This project implements a web application that generates a search query based on a combination of an uploaded image and a user-provided query. The application integrates several components, including BLIP for generating image captions, LLaMA for refining user queries, and Zenserp API for returning relevant search results.
The goal is to develop an intelligent pipeline that takes an image of any object along with a user-defined prompt as input. The prompt specifies the user's requirement, such as finding similar objects or variations based on the image. For instance, if the input image is a towel, the prompt might request "show me a similar towel" or "show me towels of the same type but in different colors." The pipeline should then process the input image and prompt, and return relevant web search results that align with the user's specific needs. This system aims to enhance search efficiency by combining visual inputs with contextual user queries.
This project addresses the problem by implementing:
- Image Captioning: Uses the BLIP model to analyze the uploaded image and generate a relevant caption.
- Query Refinement: Leverages the LLaMA model to refine the user’s text query by integrating the image caption and the user’s original prompt.
- Search Results: Fetches results based on the refined query using the Zenserp API, providing a list of relevant websites.
- User Input: The user uploads an image and provides a query or prompt.
- BLIP Model: The application processes the uploaded image using the BLIP (Bootstrapping Language-Image Pretraining) model to generate a caption for the image.
- LLaMA Model: This caption is combined with the user’s query, and the LLaMA model refines the combined input to produce a single-line search query.
- Zenserp API: The refined query is then used to search for relevant web results through the Zenserp API.

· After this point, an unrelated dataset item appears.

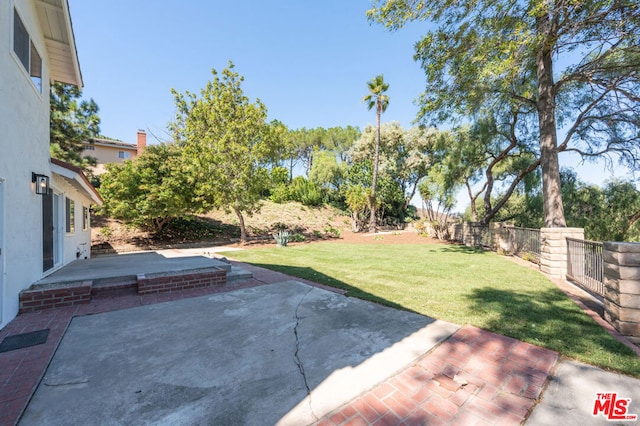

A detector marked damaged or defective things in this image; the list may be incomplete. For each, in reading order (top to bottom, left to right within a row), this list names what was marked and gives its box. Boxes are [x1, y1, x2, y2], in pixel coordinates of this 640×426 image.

crack in concrete [292, 286, 318, 420] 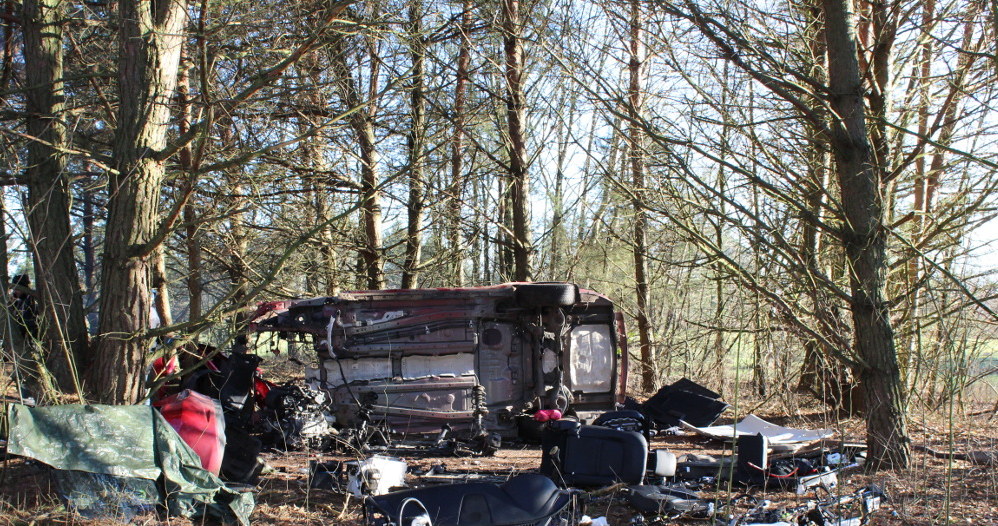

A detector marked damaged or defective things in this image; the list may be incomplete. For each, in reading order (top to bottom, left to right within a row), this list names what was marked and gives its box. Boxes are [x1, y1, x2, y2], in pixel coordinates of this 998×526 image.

overturned car [250, 284, 624, 442]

- Results Display: The app displays the generated search query and provides a list of search results with clickable links.

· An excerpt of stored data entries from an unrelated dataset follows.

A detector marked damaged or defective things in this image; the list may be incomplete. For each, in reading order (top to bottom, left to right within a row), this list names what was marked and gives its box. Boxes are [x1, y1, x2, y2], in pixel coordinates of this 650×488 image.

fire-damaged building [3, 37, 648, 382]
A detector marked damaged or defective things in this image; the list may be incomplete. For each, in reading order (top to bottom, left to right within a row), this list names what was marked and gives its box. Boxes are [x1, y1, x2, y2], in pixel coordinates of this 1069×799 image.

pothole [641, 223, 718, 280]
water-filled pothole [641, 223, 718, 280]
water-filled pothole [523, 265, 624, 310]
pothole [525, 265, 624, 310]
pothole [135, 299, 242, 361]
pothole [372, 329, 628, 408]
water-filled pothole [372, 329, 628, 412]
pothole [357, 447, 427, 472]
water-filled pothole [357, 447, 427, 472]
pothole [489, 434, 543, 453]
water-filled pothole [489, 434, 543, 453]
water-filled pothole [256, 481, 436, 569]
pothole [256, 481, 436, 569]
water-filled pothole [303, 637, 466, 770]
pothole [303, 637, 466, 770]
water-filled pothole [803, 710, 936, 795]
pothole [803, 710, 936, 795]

The project requires several Python libraries and external services:
- PyTorch: For working with machine learning models.
- Transformers: To load and interact with the BLIP and LLaMA models.
- Gradio: A simple UI framework to create the web interface.
- Pyngrok: To provide public access to the Gradio app.
- Requests: To handle API calls for fetching the image and querying Zenserp.
- Zenserp API: An external service to fetch search results based on a query.
-
Clone the Repository:
git clone https://github.com/your-username/image-search-query-generator.git cd image-search-query-generator
-
Install the Dependencies:
pip install -r requirements.txt
-
Get API Keys:
- Zenserp API Key: Sign up at Zenserp to get an API key and replace the placeholder in the code with your key.
-
Ngrok Token (Optional): If you want to run the Gradio app publicly, sign up at Ngrok and set up your auth token using:
ngrok config add-authtoken YOUR_AUTH_TOKEN
-
Run the Application:
python app.py
-
Input: The function takes two inputs:
- Uploaded Image: An image uploaded by the user (PIL format).
- User Prompt: A question or search query provided by the user.
-
Steps:
-
Image Captioning (BLIP):
- The function uses the BLIP processor to convert the image into a caption. The caption provides contextual information about the image.
-
Query Refinement (LLaMA):
- The BLIP-generated caption and user’s prompt are combined and passed to the LLaMA model.
- The LLaMA model refines the input into a concise search query that integrates both the visual and text information.
-
Fetching Search Results:
- The refined query is sent to the Zenserp API, which returns search results (titles, URLs, etc.) in JSON format.
- The function formats the results into a user-friendly output with clickable links.
-
Return: The function returns the final refined query, search results, and image caption.
-
-
Inputs:
gr.Image
: Allows the user to upload an image for analysis.gr.Textbox
: Lets the user input their search prompt or question.
-
Outputs:
gr.Markdown
: Displays the formatted search results as clickable links.gr.Textbox
: Shows the refined search query and the caption generated by BLIP.
- Pyngrok: Allows you to share the app publicly using Ngrok. After setting up the Ngrok token, the app can be accessed via a public URL.
- Upload an Image: Drag and drop an image or upload one from your device.
- Enter a Query: Input a text query that you'd like to refine based on the image context.
- View Results: The app will generate a search query based on the image and your text, then display relevant search results.
- Image: An image of a black t-shirt with a Superman logo.
- User Prompt: “Find similar t-shirts.”
- Refined Query: “Black Superman logo t-shirt buy.”
- Search Results: The app will return several links to stores or articles where similar t-shirts are available.